New Zealand was founded on translation. The indigenous Māori language of New Zealand is today one of three official languages that includes English and New Zealand Sign Language. In an age of exponential growth in emerging technologies, translation and localization are critical to ongoing Māori language revitalization and development.
The Māori name for New Zealand is Aotearoa ‘land of the long white cloud’ and is attributed to early Polynesian explorers Kuramarotini and her husband Kupe around 950 AD. Originally discovered generations earlier by the eponymous Polynesian ancestor, Maui is immortalized in the ancient name for the north island of New Zealand – Te Ika a Maui ‘The Fish of Maui’.
The name ‘New Zealand’ was bestowed by the first European explorer, Abel Tasman, who arrived via Indonesia in December 1642. The expedition departed prematurely when four of the crew were killed on the second day after local Māori took umbrage. The next European to arrive was British explorer James Cook via Tahiti in October 1769. Among his crew was Tupaia, an English-speaking Tahitian navigator, whose native language shared the same proto-Polynesian language family tree as Māori.

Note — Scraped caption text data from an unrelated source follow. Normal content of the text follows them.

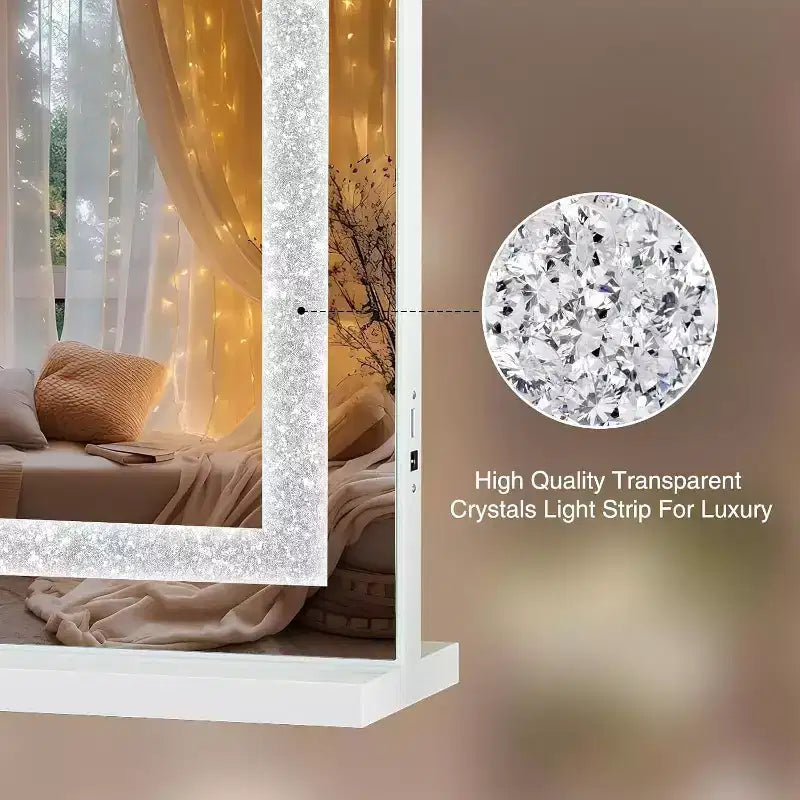 GDFStudio Hira Specchio Moderno Rettangolare da Bagno in Metallo con 3 Modalità di Illuminazione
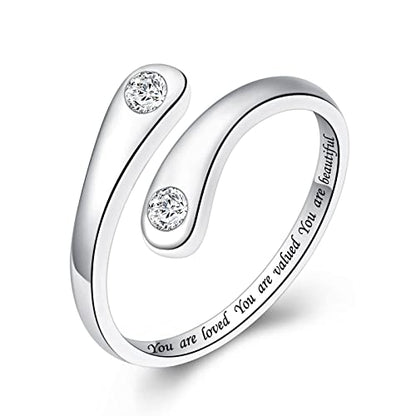 Fookduoduo 925 Sterling Silver Ring Inspirational Jewelry adjustable Wrap Open Rings for Women - style: Circle CZ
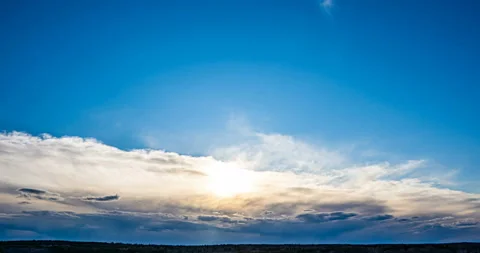 Aerial scene of high panoramic view at sunset. Beautiful clouds blue sky, sun Stock Footage 131519491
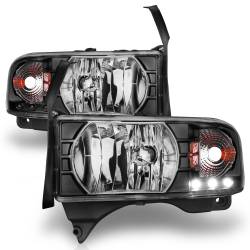 ANZO USA - Headlight Set Crystal Clear Lens Black Housing Pair w/1 Pc. LED Does Not Fit Ram Models With Sport Package Dodge Ram 1500 1994-2001, Dodge Ram 2500/3500 1994-2002 ANZO USA - Image 5
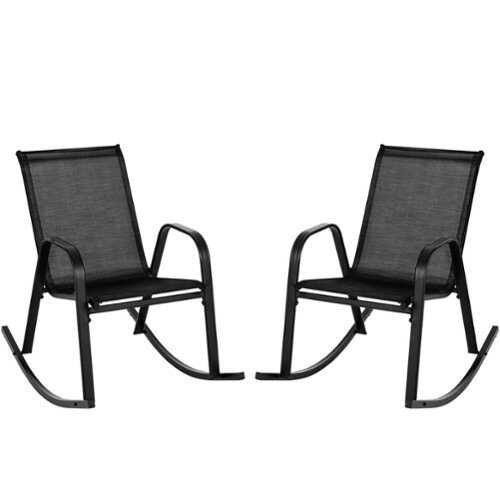 Rent to own Costway 2 PCS Patio Rocking Chair Heavy-Duty Metal Rocker Outdoor Anti-Slip - Black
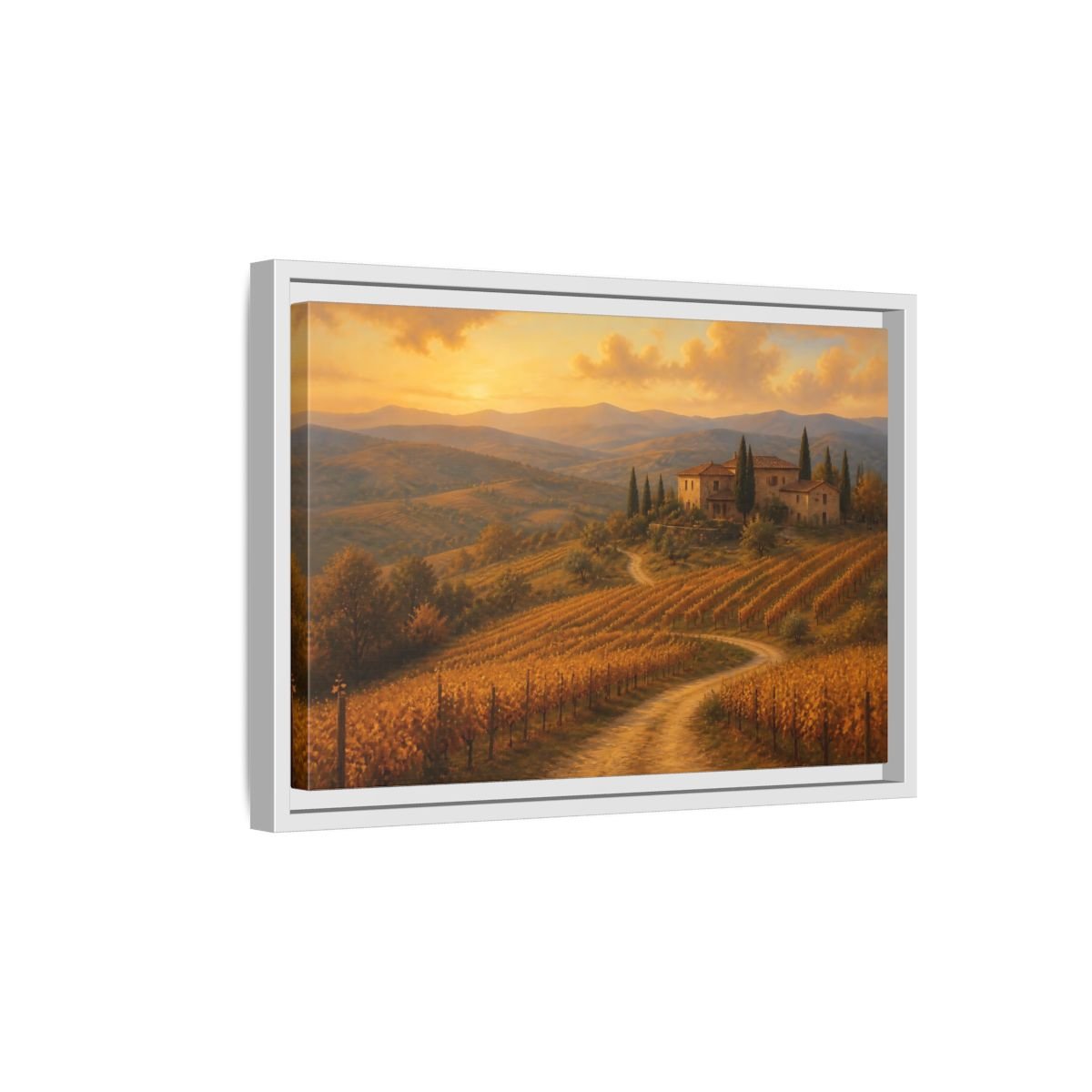 Nature Vineyard Golden Landscape Framed Canvas Wall Art Print – Living Room Decor, Above Sofa - YesArtYes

By mapping New Zealand, Cook paved the way for eventual annexation by Great Britain in 1840. Seven intervening decades of sealers, whalers and traders were all dependent on translation and interpreting. The arrival of missionaries and print in the second decade of the nineteenth century saw a massive uptake of literacy and religion by Māori people. The first Māori grammar and vocabulary was published in 1820.
In 1840, the Treaty of Waitangi was signed between the British Crown and representative chiefs of the Māori tribes of New Zealand. Both the historical context and preeminent significance of the dual language treaty means that New Zealand was quite literally founded on translation. The narrative soon shifted, however, from trade and religion to war and conflict and by the 1970s near-total Māori language attrition.
Seminal Māori language revitalization resulted in the passing of the 1987 Māori Language Act, which declared Te Reo Māori ‘Māori language’ a taonga ‘treasure’ and an ‘official’ language of New Zealand. The replacement 2016 Māori Language Act retained the former New Zealand Māori Language Commission and its role of issuing official certification for Māori language translators and interpreters.
Bifurcation of the New Zealand translation industry occurred in the late 1980s with the simultaneous establishment of the New Zealand Society for Translators and Interpreters (NZSTI) and the independent establishment of an interpreting presence by the New Zealand deaf community.
A Memorandum of Understanding was signed between the NZSTI and the New Zealand Māori Language Commission in the early 2000s. New Zealand Sign Language became an ‘official’ language in 2006. In 2016, when the NZSTI turned 30, it completed a project to translate the Treaty of Waitangi into 30 languages alongside the three official languages of New Zealand – Māori, English, and New Zealand Sign Language.
A key challenge is the political economy of the New Zealand translation and interpreting industry and the drivers for each language market. The challenge for New Zealand is to develop a strategic approach for the Māori and New Zealand English language markets, as well as New Zealand Sign Language, and the wider and increasingly diverse local industry.
The rapidly changing technological environment presents ongoing challenges. Primary orality in Europe dates back to the Guttenberg press of 1442, while the Māori experience of print technology is barely 200 years old. For an oral culture, translation itself is a paradox. In the current age of secondary orality and global communication media, one can only marvel at what tertiary orality future exponential technologies may offer the human condition.
Different linguistic family trees present more direct translation challenges between Māori and English languages. Dual personal pronouns and possessives occur in Māori when two people are the subject. Specificity of ‘older’ or ‘younger’ is required for same sex siblings. Also, the verbal marker ‘Kua’ indicates an action has begun and may or may not have been completed.
Characteristic of high-context culture, terms like kaupapa ‘issue/purpose’ and tohu ‘sign/symbol’ can be challenging out of context, as can mea ‘anything’, which also substitutes for any root stem. Some Māori axioms of communication can also be challenging, for example Māori cultural concepts of Mauri ‘life force/essence’ and Wairua ‘spirit/energy’.
The New Zealand translation industry was built on the back of intercultural communication with the indigenous Māori population. In the information age with its exponential growth in emerging technologies, translation remains critical to both global intercultural communication and future Māori language revitalization and development.
Te Tumatakuru has Māori and Irish ancestry with tribal affiliations to Te Mateawa and Ngāti Tukorehe. He is a father, a professional translator and interpreter, and a pioneer of Māori language localization. Specializing in human communication and indigenous transhumanism, Te Tumatakuru is also the current Māori ambassador for the global Network Society project.